OpenConflict: preventing real time map hacks in online games. Elie Bursztein, Mike Hamburg, Jocelyn Lagarenne, and Dan Boneh. IEEE Security & Privacy 2011.

The difference is that they propose that detection can be done by the central server, after the fact, by analyzing all of a client's status messages for consistency. Your scheme differs only by having other clients do the same analysis. (Their proposal also has some extra hashing and signatures and cryptography, which can probably be ignored for your purposes.)

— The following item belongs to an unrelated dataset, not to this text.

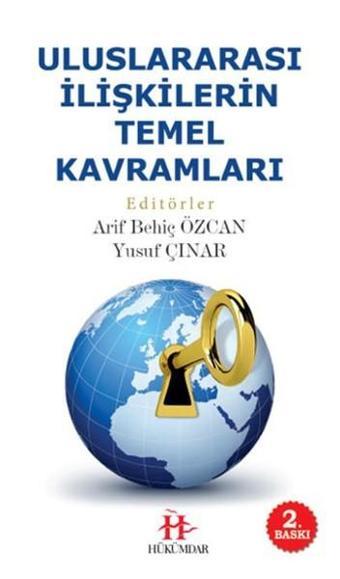 Uluslararası İlişkilerin Temel Kavramları - Kolektif  - Hükümdar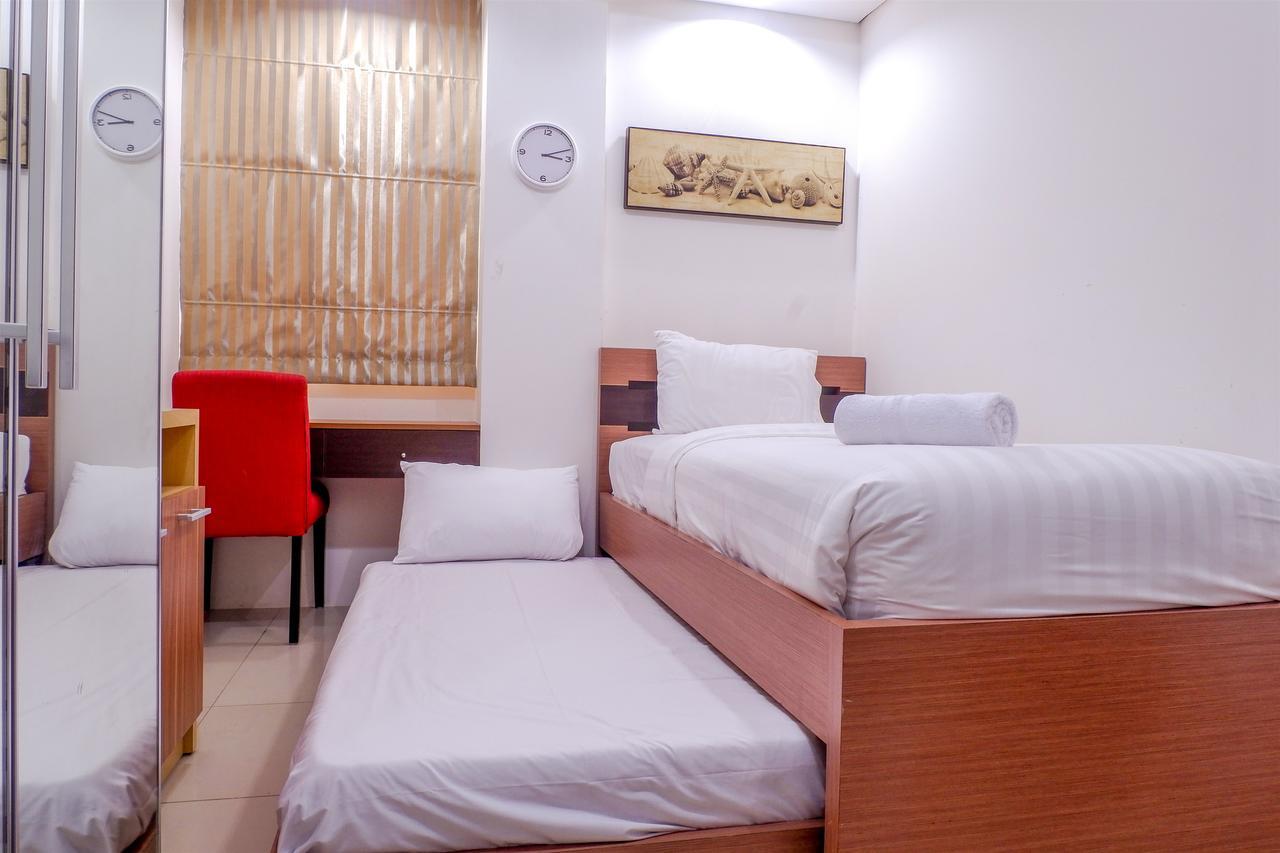 2br Cozy Pool View Kemang Village With Access To Mall By Travelio Apartment Jakarta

Their scheme is basically a more sophisticated version of what you propose: rather than requiring everything to be broadcast, it only has to be uploaded to the server at the end of the game. This has two advantages: (a) it significantly reduces network traffic, because they upload to the server rather than broadcasting to everyone; (b) by using commitments and hashes, they don't have to broadcast the full status messages to all other players on-the-fly; instead, it's enough to batch up all of those messages and upload them at the end (all that they need to broadcast at each step is just a commitment/signed hash, which will be much smaller and thus much more efficient to broadcast). I wouldn't be surprised if they were already familiar with your proposal, but considered it too trivial and too inefficient, and so wrote only about a more sophisticated version that is less obvious and more efficient.

I recommend you take a look at the following book:

Exploiting Online Games: Cheating Massively Distributed Systems. Greg Hoglund and Gary McGraw. Addison-Wesley.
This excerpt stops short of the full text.